The danger becomes when that person not only sues you on their own behalf, which the damages may be just the purchase price of that single product. Well, that's not very much money for someone to sue over. But if they bring a class action on behalf of everyone who bought your product or service, now all of a sudden you go from one plaintiff to potentially thousands, or tens of thousands, or hundreds of thousands of plaintiffs, all suing you under one person's name. And that person who is the class representative is going to be the person who is going to represent the entire class.
One of the things that you can do, Matt, is in your website agreements, you can spell out that the people who visit the website, people who register to use the website, people who buy things on the website, waive the right to bring or be part of a class action related to that use. What you will see in some of the more sophisticated terms of service agreements that we draft for clients, is if that client is doing something that can result, potentially, in a class action, is we'll try and draft language that precludes a class action from being filed.
Those aren't always enforceable. Courts can decide whether or not to enforce a particular provision within the terms of service. But you still want to have that kind of provision in there, especially if you have a high risk website, because the main thing is that you want to discourage any attorneys from taking the class action, because they see the waiver and the terms of service, the website agreements. And you will, potentially, then have that argument to be made to a judge. To say, "Hey, look. Our terms of service, Your Honor, preclude class action litigation from being filed against us by a website user or registered user". And you could win that argument, which could drastically reduce the risk of what I call 'bet the farm litigation', where you get sued and you potentially could get put out of business.
Matt: Enrico, besides what we were just saying, what are some other ways to protect yourself from class actions prior to the agreement?
Enrico: They're really practical things. If you have a particular business model, what you're going to want to do is work with your lawyer and law firm to identify which parts of that business model may lend themselves to a particular type of class action. What lawyers are going to be looking for, if they specialize in both Internet law and understand class action law and consumer class action law, what they're going to be looking for is high risk areas within your business model. And then those business model items might be tweaked. Or you might do something in terms of upping the level of agreement by the websites users on particular issues. You might get them, for instance, to actually click on a click wrap agreement where they say 'I agree', and they acknowledge the fact that they're going to waive the right to be part of a class action.

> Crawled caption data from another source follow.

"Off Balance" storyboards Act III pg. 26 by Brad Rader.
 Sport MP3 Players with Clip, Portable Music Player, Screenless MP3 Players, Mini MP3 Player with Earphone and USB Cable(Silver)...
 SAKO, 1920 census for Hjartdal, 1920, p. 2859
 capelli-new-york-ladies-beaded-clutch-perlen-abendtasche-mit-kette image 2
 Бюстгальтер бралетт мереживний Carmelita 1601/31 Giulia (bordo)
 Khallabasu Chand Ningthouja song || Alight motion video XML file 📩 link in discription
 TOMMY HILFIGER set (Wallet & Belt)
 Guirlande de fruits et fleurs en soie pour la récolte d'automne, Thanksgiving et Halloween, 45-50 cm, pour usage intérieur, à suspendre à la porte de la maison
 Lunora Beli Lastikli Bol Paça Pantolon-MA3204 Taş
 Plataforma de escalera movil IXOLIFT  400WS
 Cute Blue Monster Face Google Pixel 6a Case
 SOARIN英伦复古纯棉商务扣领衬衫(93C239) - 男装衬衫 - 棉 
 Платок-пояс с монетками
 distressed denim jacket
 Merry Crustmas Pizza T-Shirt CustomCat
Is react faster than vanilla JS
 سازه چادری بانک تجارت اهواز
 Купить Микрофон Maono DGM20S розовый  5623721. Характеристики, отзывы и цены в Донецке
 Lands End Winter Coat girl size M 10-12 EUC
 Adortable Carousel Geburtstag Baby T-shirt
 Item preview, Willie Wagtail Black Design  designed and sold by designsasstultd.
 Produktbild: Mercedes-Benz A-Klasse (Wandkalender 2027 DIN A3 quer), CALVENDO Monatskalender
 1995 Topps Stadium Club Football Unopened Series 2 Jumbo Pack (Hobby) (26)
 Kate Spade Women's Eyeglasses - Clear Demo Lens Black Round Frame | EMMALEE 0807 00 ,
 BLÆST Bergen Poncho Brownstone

So it's both on the business model side that the lawyer will work, and also on the website agreement side that a lawyer will work in order to reduce your risk. Class actions are, probably, the number one avenue of risk for a company, where you could actually get put out of business really quickly if you find yourself being named in a class action litigation as a defendant.
Matt: Well, Enrico, it's always helpful to have you with us to talk about these things. Thank you for being here.
Enrico: You're welcome, Matt. Have a great day.